Data protection is another pillar of this quest for ethical AI. Ensuring the safety and integrity of citizen data is essential in public services, for example, in health agencies where patient data must be safely processed. With data anonymization techniques such as those addressed in the “Data Trust” block of the framework, embracing AI while meeting GDPR requirements is possible.
- Opening the way towards decision-supporting intelligence
In 2020 Capgemini research, 68% of city officials stated that smart city initiatives – which build on a strong digitization of processes – have helped them manage the COVID-19 crisis effectively. Be it for a city, a hospital, or a central government, the pandemic has proven how important it is to have a solid information infrastructure that enables decision makers to take evidence-based administrative action. Only with such an infrastructure and with the help of an efficient data governance will it be possible to ensure successful AI projects in the public sector and make data-driven governments a reality. Building on its ability to master data, a data-driven organization is able to better understand the is-situation, to predict coming occurrences, and to proactively take decisions based on the gathered and analyzed data (see the stages of data-driven governments in Graph 3).
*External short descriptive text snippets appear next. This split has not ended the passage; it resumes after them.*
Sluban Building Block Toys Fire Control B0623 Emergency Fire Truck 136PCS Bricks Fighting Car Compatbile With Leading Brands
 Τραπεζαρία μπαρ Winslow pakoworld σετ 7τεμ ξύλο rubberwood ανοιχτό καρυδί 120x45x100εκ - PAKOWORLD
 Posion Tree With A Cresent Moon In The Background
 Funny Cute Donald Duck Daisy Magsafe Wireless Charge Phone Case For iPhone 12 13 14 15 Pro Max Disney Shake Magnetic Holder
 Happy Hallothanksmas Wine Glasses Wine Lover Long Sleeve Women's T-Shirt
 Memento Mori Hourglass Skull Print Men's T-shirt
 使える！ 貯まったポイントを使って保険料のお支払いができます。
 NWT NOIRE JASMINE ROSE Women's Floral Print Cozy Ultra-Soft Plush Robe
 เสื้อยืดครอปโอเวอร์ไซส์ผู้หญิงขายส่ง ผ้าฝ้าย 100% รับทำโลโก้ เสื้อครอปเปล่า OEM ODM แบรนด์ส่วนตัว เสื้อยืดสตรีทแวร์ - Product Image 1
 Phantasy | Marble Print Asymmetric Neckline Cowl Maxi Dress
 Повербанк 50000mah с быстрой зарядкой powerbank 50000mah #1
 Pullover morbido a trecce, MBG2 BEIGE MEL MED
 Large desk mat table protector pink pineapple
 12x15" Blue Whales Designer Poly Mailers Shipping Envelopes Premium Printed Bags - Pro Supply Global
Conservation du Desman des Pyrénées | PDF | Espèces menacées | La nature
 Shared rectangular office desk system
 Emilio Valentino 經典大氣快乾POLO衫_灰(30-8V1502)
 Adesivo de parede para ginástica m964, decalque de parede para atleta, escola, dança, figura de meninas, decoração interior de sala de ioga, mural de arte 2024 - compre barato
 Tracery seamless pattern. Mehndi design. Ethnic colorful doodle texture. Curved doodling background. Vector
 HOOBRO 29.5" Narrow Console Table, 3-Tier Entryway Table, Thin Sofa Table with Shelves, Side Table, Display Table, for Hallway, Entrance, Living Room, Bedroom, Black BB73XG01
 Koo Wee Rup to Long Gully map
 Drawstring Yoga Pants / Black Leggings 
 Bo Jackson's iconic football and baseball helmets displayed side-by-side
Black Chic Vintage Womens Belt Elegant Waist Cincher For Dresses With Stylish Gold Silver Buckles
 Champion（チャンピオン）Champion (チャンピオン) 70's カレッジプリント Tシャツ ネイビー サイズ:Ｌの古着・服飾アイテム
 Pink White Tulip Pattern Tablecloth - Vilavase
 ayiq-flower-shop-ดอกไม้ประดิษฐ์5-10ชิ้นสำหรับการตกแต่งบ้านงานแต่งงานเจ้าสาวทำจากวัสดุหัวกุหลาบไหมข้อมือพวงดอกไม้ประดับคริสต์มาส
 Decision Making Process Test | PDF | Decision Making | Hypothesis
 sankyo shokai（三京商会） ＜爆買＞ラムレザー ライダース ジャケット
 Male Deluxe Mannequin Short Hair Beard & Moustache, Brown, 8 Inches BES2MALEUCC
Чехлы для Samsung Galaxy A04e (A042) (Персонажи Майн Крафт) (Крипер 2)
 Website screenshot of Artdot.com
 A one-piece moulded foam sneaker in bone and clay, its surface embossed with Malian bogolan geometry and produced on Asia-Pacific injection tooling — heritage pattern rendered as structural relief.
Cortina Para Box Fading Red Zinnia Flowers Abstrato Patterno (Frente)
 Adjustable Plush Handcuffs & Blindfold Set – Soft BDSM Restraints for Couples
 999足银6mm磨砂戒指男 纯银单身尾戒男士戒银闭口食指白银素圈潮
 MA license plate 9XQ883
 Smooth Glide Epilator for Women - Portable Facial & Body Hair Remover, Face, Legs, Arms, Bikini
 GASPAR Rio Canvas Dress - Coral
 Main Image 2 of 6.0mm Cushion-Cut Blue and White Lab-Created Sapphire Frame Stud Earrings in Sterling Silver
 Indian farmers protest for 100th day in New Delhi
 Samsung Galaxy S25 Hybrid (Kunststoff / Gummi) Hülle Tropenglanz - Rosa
3 The stages of data-driven governments
These benefits can be extended to every part of the public sector – from central command centers for smart territories to seamless smart borders for airport and security authorities; from data-driven hospitals gathering medical data for the good of the patient to end-to-end automated administrative processes in organizations dealing with heavy documentation; from efficient identification and control of real-time threats to more user-friendly and effective public services for the citizens.
Strong data platforms will be data’s rising sun momentum
Data-driven governments are no longer a utopia; they are fast becoming reality. More and more public organizations are using the data they have access to, to improve their own insights and the services that they offer to citizens.
In society 5.0, every part of the public sector has potential that proves the necessity for secure, robust, relevant, trustworthy, and ethical data. But only through an effective digital governance can the data, through its whole lifecycle, be managed and processed in a way that will fulfill all the requirements that public organizations have for it. It is clear that data-driven governments are the future. However, they will only have an impact if mastering data is holistically introduced throughout the organizational structures.